Als je op je privacy gesteld bent, lijkt het vliegveld de hel op aarde. Ga maar na: je moet jezelf aan verschillende personen identificeren; douaneambtenaren lichten je tassen door; op sommige vliegvelden kunnen je irissen worden gescand en zo ongeveer ieder vliegveld haalt je hele lichaam door een scanner. Er zijn weinig plekken denkbaar waar je in korte tijd zoveel intieme informatie bloot moet geven. Toch vliegen we er niet minder om. Uit onderzoek blijkt dat de meerderheid van de reizigers vindt dat hun privacy ‘volledig' wordt gerespecteerd.
Dit komt niet, zegt filosoof Helen Nissenbaum, omdat wij privacy niet belangrijk vinden. Het komt omdat wij onze eigen privacy op het vliegveld anders beoordelen dan bij de bakker. We vinden het prima als de douanebeambte zonder te vragen de inhoud van onze toilettas inspecteert terwijl we een wildvreemde daarvoor een klap zouden verkopen.
Neem een bezoek aan de dokter. Als patiënt verwacht je dat de arts je persoonlijke informatie vertrouwelijk behandelt, maar óók dat hij die deelt met specialisten als dat nodig is. Mocht je erachter komen dat jouw arts je gegevens aan een marketingbedrijf heeft verkocht, dan zul je dat waarschijnlijk als een grove privacyschending ervaren.

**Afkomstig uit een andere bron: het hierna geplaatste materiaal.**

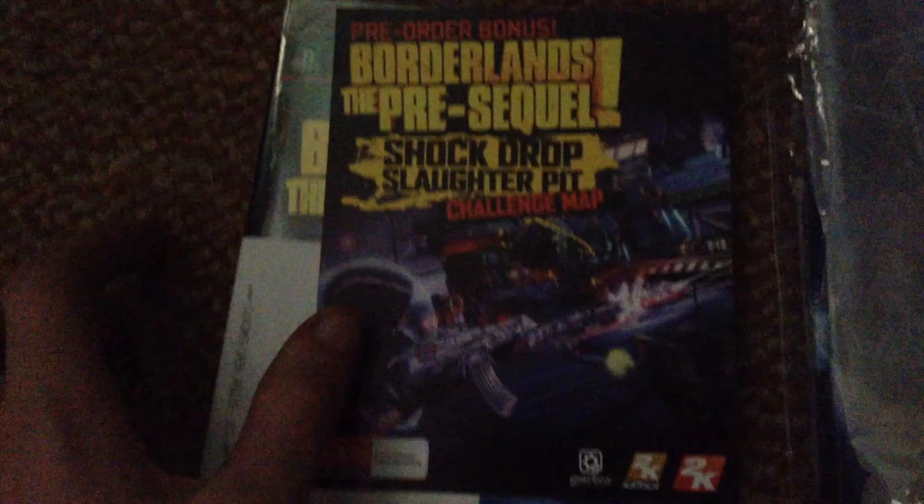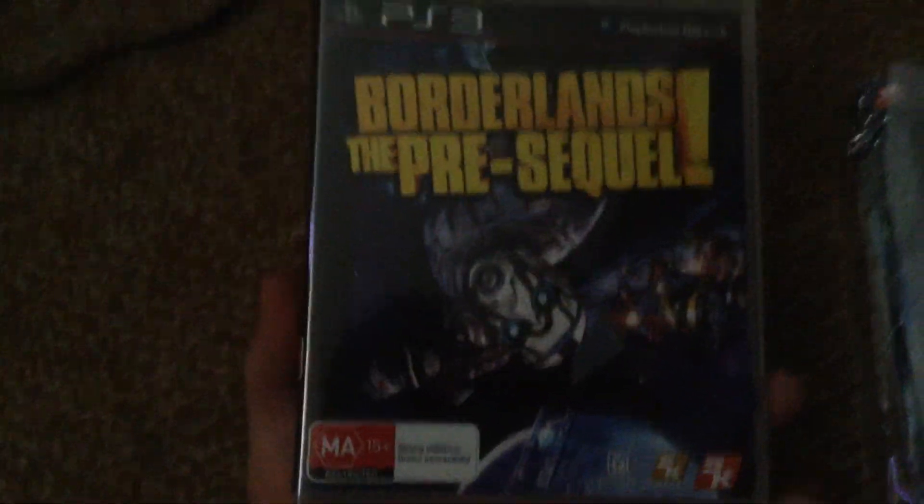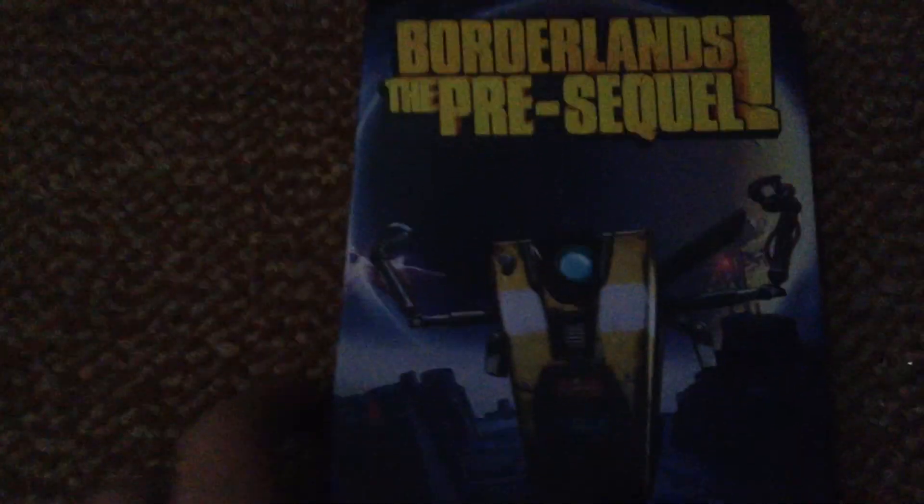To start with, we have the Shock Drop Slotted Pit Challenge Map with a pre-order bonus. We have the pre-order cover. I'm probably going to get something to cut that. And then the Harden Edition cover.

Haar theorie van privacy as contextual integrity – privacy als contextuele integriteit – biedt handvatten om het gedrag van dataverzamelaars als google en de National Security Agency te beoordelen. Het is een verfijnd intellectueel instrument waarmee antwoord kan worden gevonden op de vraag waarom wij een bepaalde context als zeer bedreigend voor onze privacy ervaren en een andere juist helemaal niet.